TRY IT —
Could you write out, exactly, every line from the top of the data through the line holding "Nur Tote Frauen Sind Sch�n"? Omit the pictures.

[Scraped caption text data]
- - -

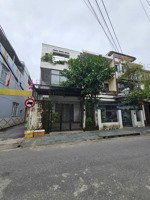 bán nhà 3 tầng - 3mt đường tống phước phổ // đường 2/9 - dt: 128m2 ngang 6m - giá tốt nhất tt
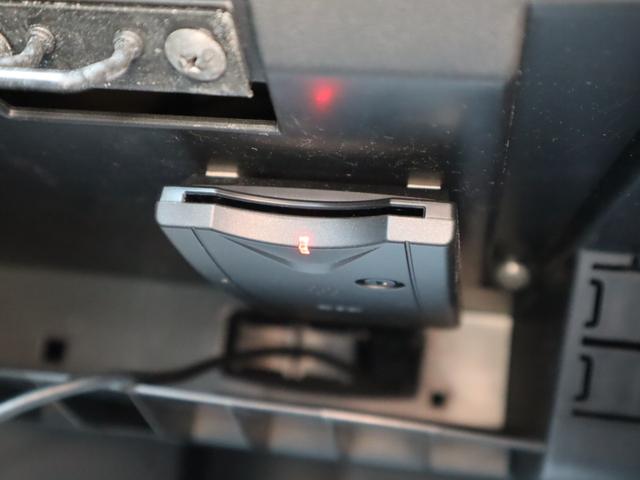 20X メモリーナビ フルセグ Bluetooth DVD再生 USB バックカメラ ETC スマートキー シートヒーター ディスチャージ タイミングチェーン(10枚目)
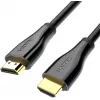 UNITEK Premium High Speed HDMI 2.0 kaabel 1m C1047GB-1M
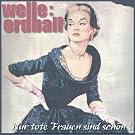 Nur Tote Frauen Sind Sch�n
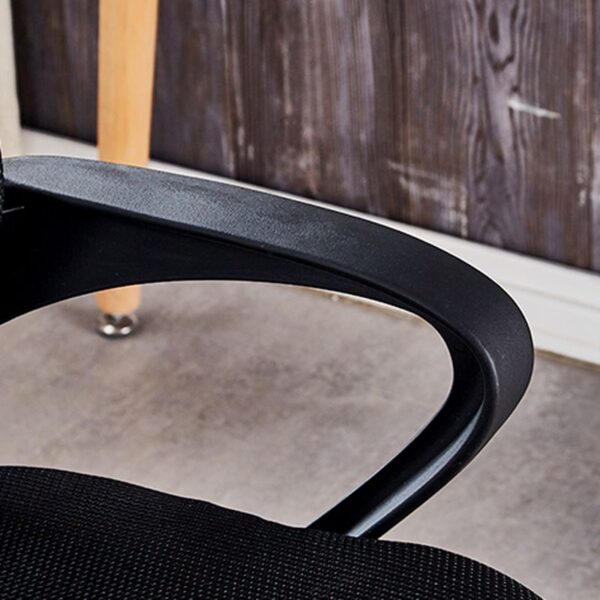 office mesh chair, ergonomic mesh chair, breathable office chair, comfortable office chair, adjustable mesh chair, ergonomic office chair, mesh back chair, office chair with mesh back, mesh task chair, swivel office chair, ergonomic desk chair, mesh computer chair, adjustable office chair, comfortable mesh desk chair, breathable chair for office, mesh office seating, task chair with mesh back, ergonomic office seating, mesh back desk chair, breathable task chair, office chair with lumbar support, ergonomic mesh desk chair, office chair with adjustable arms, office seating with mesh back, modern mesh office chair, adjustable mesh back chair, office chair for posture, mesh chair for back support, mesh office chair with armrests, high back mesh office chair, mesh chair for long hours, breathable ergonomic office chair, comfortable desk chair, office chair with headrest, lumbar support office chair, mesh computer desk chair, task desk chair with mesh, stylish office chair, desk chair with lumbar support, mesh chair for home office, mesh office chair with headrest, office chair with mesh seat, executive mesh office chair, adjustable back office chair, ergonomic chair for long hours, mesh office chair for posture, mesh desk chair with lumbar support, office task chair, comfortable ergonomic chair, home office mesh chair, ergonomic office chair for back pain, office chair for ergonomic support, comfortable office seating, mesh office chair for long hours, breathable desk chair, ergonomic computer chair, mesh chair for desk, comfortable office task chair, modern ergonomic mesh chair, adjustable ergonomic office chair, mesh desk chair for office, adjustable office task chair, executive office chair, mesh office chair with wheels, ergonomic swivel chair, office task mesh chair, breathable ergonomic mesh chair, stylish ergonomic office chair, office chair with adjustable lumbar, modern desk chair, task chair for office, ergonomic task chair, breathable computer chair, mesh task desk chair, desk chair for long hours, office chair for comfort, mesh chair for office work, ergonomic desk seating, swivel desk chair, adjustable office chair with lumbar support, mesh work chair, office furniture chair, adjustable mesh desk chair, ergonomic desk chair with armrests, high back ergonomic mesh chair, modern ergonomic office chair, mesh computer chair with lumbar support, office task seating, stylish mesh office chair, office chair for sitting long hours, ergonomic mesh chair with back support, mesh chair for computer desk, breathable office desk chair, adjustable desk chair, office mesh chair with wheels, desk chair with armrests, modern office chair with mesh, adjustable chair for office, ergonomic mesh chair with adjustable arms, home office desk chair, mesh office chair with adjustable height, ergonomic desk chair for home office, office seating with mesh, high back mesh task chair, mesh task chair with adjustable arms, ergonomic office mesh seating, breathable desk seating, comfortable ergonomic office seating, swivel mesh chair, task chair with lumbar support, mesh desk seating, adjustable task desk chair, office desk seating, office chair for ergonomic comfort, breathable chair for desk, ergonomic task desk chair with lumbar support, adjustable height mesh chair, breathable ergonomic seating, modern desk chair with mesh back, executive task chair with mesh, ergonomic desk chair with backrest, mesh chair for home workspace, comfortable mesh task seating, ergonomic office chair with mesh back, ergonomic desk chair with lumbar and mesh, adjustable height task chair, stylish office desk chair, breathable work chair, mesh back office desk chair, ergonomic mesh chair for desk, home office chair with lumbar support, office chair for back relief, desk seating for comfort, office chair for desk work, mesh task seating, ergonomic mesh seating for office, adjustable desk task chair, breathable ergonomic chair with lumbar, mesh back task seating, breathable office seating for comfort, ergonomic seating with mesh back, office chair for long hours, comfortable ergonomic task seating, adjustable office mesh seating, ergonomic task seating for office work, mesh back desk chair with lumbar, ergonomic office chair for posture support, breathable office chair with mesh back, comfortable office chair for long hours, ergonomic office seating with adjustable arms, mesh task chair with lumbar support, modern ergonomic office seating, mesh chair for ergonomic support, adjustable ergonomic desk seating, office mesh task seating, ergonomic chair with adjustable back, mesh office chair with adjustable armrests, comfortable office desk seating, modern ergonomic task chair, office mesh chair for comfort, breathable chair with lumbar support, ergonomic mesh chair for desk work, adjustable office seating with mesh back, ergonomic office desk chair with lumbar, breathable mesh chair for desk work, ergonomic seating with adjustable height, adjustable lumbar support office chair, comfortable desk mesh chair, adjustable desk chair with mesh, ergonomic chair with lumbar support and mesh back, high back ergonomic mesh office chair, ergonomic office desk chair with mesh and lumbar support, breathable office chair for long hours, mesh office chair for ergonomic work, modern mesh office chair for comfort, mesh office chair with adjustable height, ergonomic mesh chair for long office hours, stylish office desk mesh chair, comfortable ergonomic desk chair, adjustable mesh chair with lumbar, ergonomic mesh chair for posture, breathable mesh desk chair, mesh task chair with lumbar, office seating with adjustable arms, ergonomic chair with mesh back, adjustable ergonomic chair for office, office chair for posture correction, mesh back chair for ergonomic desk, office chair with ergonomic features, adjustable lumbar mesh chair, mesh chair with lumbar back support, ergonomic desk chair with mesh, breathable ergonomic task chair for desk, mesh ergonomic chair for comfort, office desk chair with lumbar support, modern ergonomic mesh task chair, breathable ergonomic desk chair, mesh back office chair with lumbar, adjustable office chair with mesh seat, ergonomic seating for long office hours, stylish ergonomic mesh desk chair, office desk chair with lumbar and armrests, breathable ergonomic mesh chair for desk, mesh back ergonomic seating, comfortable office seating for back support, ergonomic task chair with lumbar and back support, modern office chair with lumbar support, mesh back ergonomic task desk chair, adjustable mesh task seating, ergonomic desk chair for office work, office chair for lumbar support, comfortable ergonomic mesh office chair, office mesh chair for sitting long hours, mesh task chair for office work, breathable ergonomic office task chair, adjustable ergonomic desk chair for office work, office chair for desk comfort, modern office chair for comfort, mesh office task seating with lumbar support.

- - -

WRITTEN SOLUTION —
 bán nhà 3 tầng - 3mt đường tống phước phổ // đường 2/9 - dt: 128m2 ngang 6m - giá tốt nhất tt
 20X メモリーナビ フルセグ Bluetooth DVD再生 USB バックカメラ ETC スマートキー シートヒーター ディスチャージ タイミングチェーン(10枚目)
 UNITEK Premium High Speed HDMI 2.0 kaabel 1m C1047GB-1M
 Nur Tote Frauen Sind Sch�n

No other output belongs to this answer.